Sydney Airport will buy out its minority shareholders in a $1.2 billion deal that will simplify its complex structure and make it easier for cornerstone investor Macquarie Group to eventually sell out.
The country's largest airport has also opted to settle a case with the Tax Office by paying $69 million in tax and interest. The settlement removes a uncertainty that has been hanging over the stock.
As part of the move to demystify its structure, the airport will buy out the remaining 15.2 per cent it does not already own. This will be done via a share-swap to minorities who want to remain investors in the company, while those who want to sell out will be paid cash.
The deal, announced on Wednesday, will also result in the foreign-ownership cap on Sydney Airport rising from 40 per cent to 49 per cent.
Legg Mason research analyst Andrew Chambers said the change to the cap would make it easier for Macquarie, which has a 22 per cent stake, to exit the register in the longer term. "It allows more room for foreign investors to acquire stakes ... and increases the likelihood of the Macquarie stake to be transacted," he said.

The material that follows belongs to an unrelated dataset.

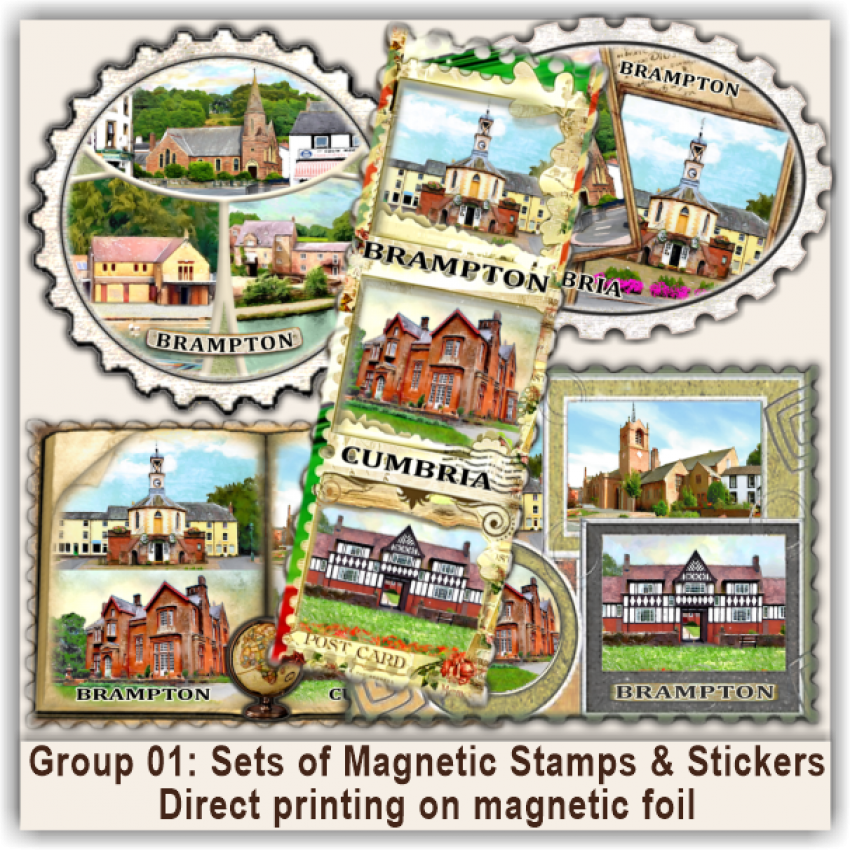 Brampton Sets of Magnetic Stamps, Stickers & Bookmarks 01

Sydney Airport chief executive Kerrie Mather said the deal helped to provide more certainty to investors, highlighting the rise in the foreign-ownership cap.
The minority shareholders who will remain include the Future Fund, MTAA Super and UniSuper, and Canadian pension fund PSP Investments.
A halt to trading in the airport's securities will be lifted on Thursday, after a $300 million-plus capital raising. The money raised will be used to pay cash to those minority shareholders who want to sell out.